Skits and Cartwheels

Teresa - Virginia Beach, Virginia
Entered on June 25, 2008
Age Group: 18 - 30

Elementary school is a critical time in a child’s life. A student’s elementary learning experience largely impacts how she views education. It can either feed or break the desire to learn, leaving a lasting, life-long effect. Since the third grade, I have believed in cartwheels. Through them, I discovered joy in learning and a love for knowledge. It was then when I realized what I wanted to do with the rest of my life. Dreams of being an artist, professional athlete, and an astronaut quietly dissolved as I felt a new calling on my life. In the third grade, I decided I wanted to be a third grade teacher myself. It sounded much more like a privilege than a job. I wanted to impact young students’ lives the way my teacher had impacted mine.

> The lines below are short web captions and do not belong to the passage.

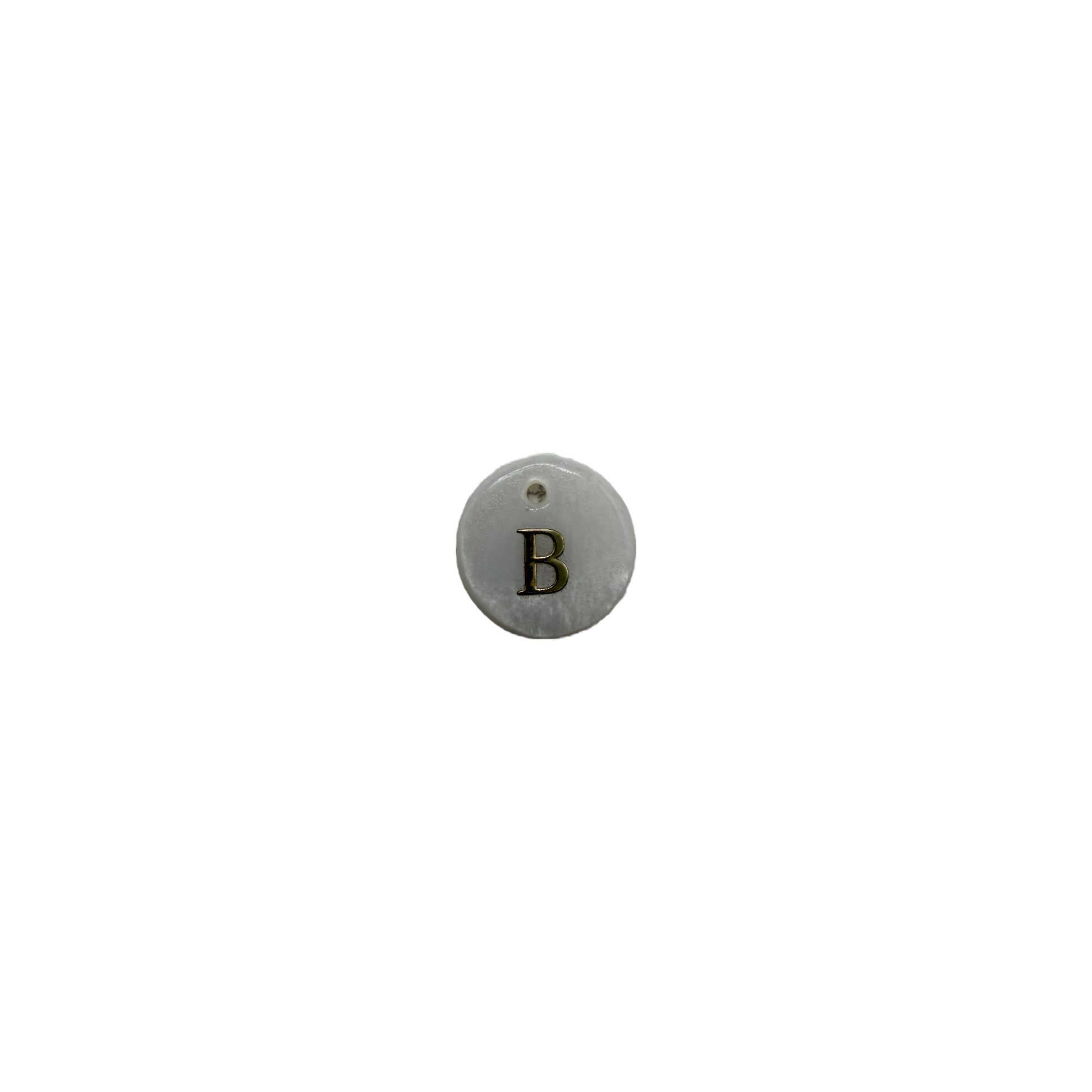 White round disc with gold letter B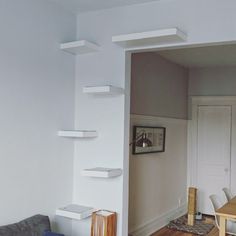 a living room filled with furniture and white walls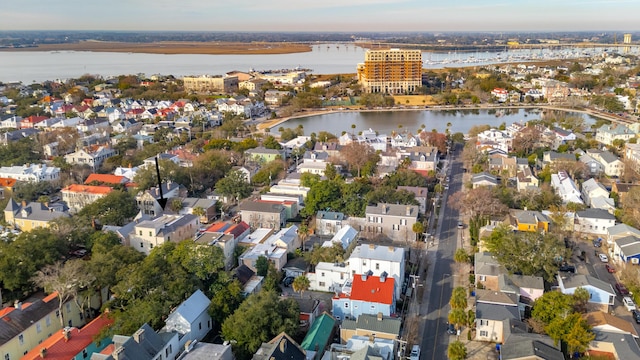 drone / aerial view featuring a water view and a residential view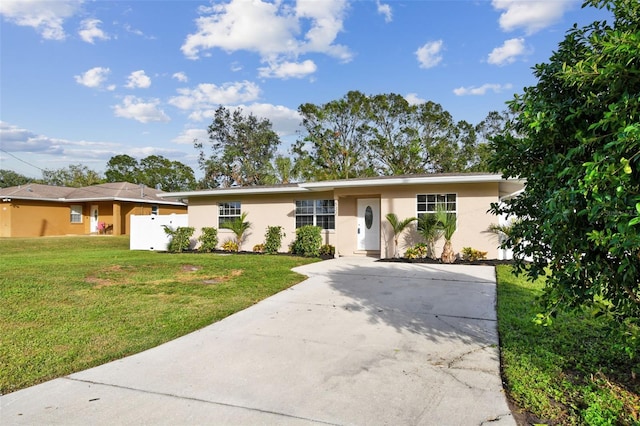 single story home with a front lawn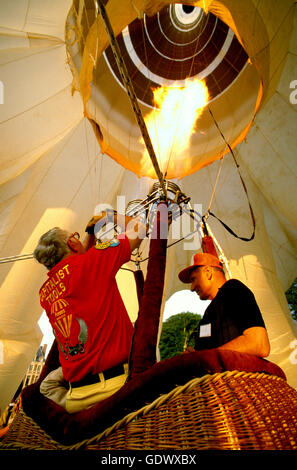 Malcolm Forbes hot inflating the 215 tall 'Minar' special shape hot air balloon at the Chateau Balleroy in Normandy, France. Stock Photo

Like many kids, I loved my third grade teacher. I’ll never forget the steps of the water cycle, Virginia’s famous crops, or who Anansi is simply because she created jingles with hand motions and organized skits for us students to perform. Exciting classes were jam-packed with interesting information. Yet, the cherry on the sundae of my third grade year was her cartwheels. Whenever my class accumulated ten compliments from other adults on our good behavior, my teacher would do a cartwheel right in the middle of the room. She even kept a pair of shorts with her just in case she was wearing a skirt when we earned our reward. She didn’t hesitate to break out of her comfort zone to engage her young learners. I want a job where I can do cartwheels in front of twenty-five eight-year-olds.

More importantly, though, I remember idolizing my third grade teacher. Every word she spoke was a new revelation that I drank in. This was the foundation of my desire for learning and set the tone for the rest of my educational career. It is one thing to realize how important that year was for me; switching roles, however, is an entirely different experience, one that often fills me with nervous excitement. Knowing how influential and innocent children are in elementary school places a responsibility on me to become the best teacher I can for them. It encourages me to study harder and continue to grow and cultivate my desire to learn.

Education is a journey, one that I want to walk beside my students, not ahead of them. I want to share my knowledge, but also assure my students I am learning much from them as well. Yes, I believe in cartwheels. They have given me the unique opportunity to watch a child unwrap understanding and reach for more. Of course, passion and coordination don’t always go hand in hand, and given my track record of split jeans and twisted ankles, I should probably get practicing.